Sonjà, indignée d’être ainsi interrompue, se dressa également et lui fit face. Les deux femmes aux cheveux flamboyants se dévisagèrent, les dents fièrement visibles, l’une faisant plus du double de la carrure de l’autre.

— De quel droit nous traitez-vous comme des animaux ! cracha Ambre, les yeux embrasés.

— Au risque de te décevoir minette, tu es un animal, ou du moins quelque chose qui s’en rapproche !

— Comment osez-vous ? cria-t-elle, les membres tremblant sous l’effet de la colère. Comment osez-vous nous qualifier comme tel et nous manquer de respect !

— Sahr mais ferme-la ! Les Féros n’ont jamais été considérés comme des humains ! Les Hundr vous ont peut-être dressés avec le temps pour paraître comme tels, mais jamais vous ne le serez ! Vous êtes une espèce à part, vos instincts sont primaires, violents, bestiaux. Vous ne pensez qu’à dormir, manger, vous battre et assouvir vos besoins sexuels ! Les seules choses qui vous rapprochent de nous hormis votre apparence, c’est votre langage !

— Vous êtes horrible ! s’indigna Ambre, suffocante, en cherchant désespérément ses mots.

Elle demanda du soutien auprès d’Alexander et des deux Shamans, mais aucun d’entre eux n’osa prendre la parole ; le premier assommé par ces annonces et les deux autres en accord avec la guerrière.

Ambre, seule et profondément humiliée, sentit les larmes lui monter. S’apercevant qu’elle se défoulait nerveusement contre elle, Sonjà poursuivit d’une voix plus douce.

— Enfin, regarde Mesali ! fit-elle en lui montrant la petite qui tirait vigoureusement sur ses chaînes afin de porter secours à la grande Féros, crachant et grognant de manière intimidante. Voilà à quoi ressemble un Féros. Vous avez peut-être su évoluer et vous adapter ici. Et c’est une chance, surtout si vous arrivez à vivre parmi les humains et que vous savez vous contrôler. Mais sachez que jamais vous n’aurez la vivacité et la sagesse d’esprit d’un humain, vous serez continuellement soumis à vos instincts !

Ambre, les yeux larmoyant et tremblante, la toisait.

— Je me serais volontiers jetée sur vous et vous aurais tué sans aucune pitié pour ce que vous venez de me dire ! Qu’importe si vous êtes cheffe ! Mais je veux vous prouver que nous, les Féros, nous pouvons nous dominer ! C’est vous les monstres dans l’histoire ! Vous voulez nous jeter en pâture comme du gibier, sans le moindre scrupule ! Sans même demander notre avis !

Elle prit une grande inspiration avant de poursuivre de manière plus cinglante, crachant ces mots avec haine.

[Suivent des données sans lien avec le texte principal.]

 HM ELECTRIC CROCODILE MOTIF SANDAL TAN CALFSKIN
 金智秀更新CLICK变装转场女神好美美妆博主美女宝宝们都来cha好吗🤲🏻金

— Vous êtes abjecte ! Indigne d’être cheffe ! Et dire que je vous respectais, mais vous ne valez pas mieux que cette Élite finalement. Vous vous croyez supérieurs aux autres, sous prétexte que vous pensez et agissez différemment. Vous pensez votre domination légitime, car vous êtes plus nombreux et certainement plus calculateurs mais il n’en est rien ! Nous sommes peut-être différents vous et moi, mais nous ne vous sommes nullement inférieurs !

Elle jura puis déglutit :

— Vous me dégoûtez !

Puis elle pointa un doigt menaçant et accusateur en direction du maire :

— Et vous ! Trancha-t-elle. Vous, si vous osez accepter cette proposition, je vous garantis que ce n’est même pas la peine d’espérer de faire de moi votre femme ! Est-ce clair ?

Fulminante, elle posa un regard haineux sur cette assemblée dont la simple vision l’ulcérait et la révulsait. Enfin, elle sortit en hâte, claquant violemment la porte derrière elle.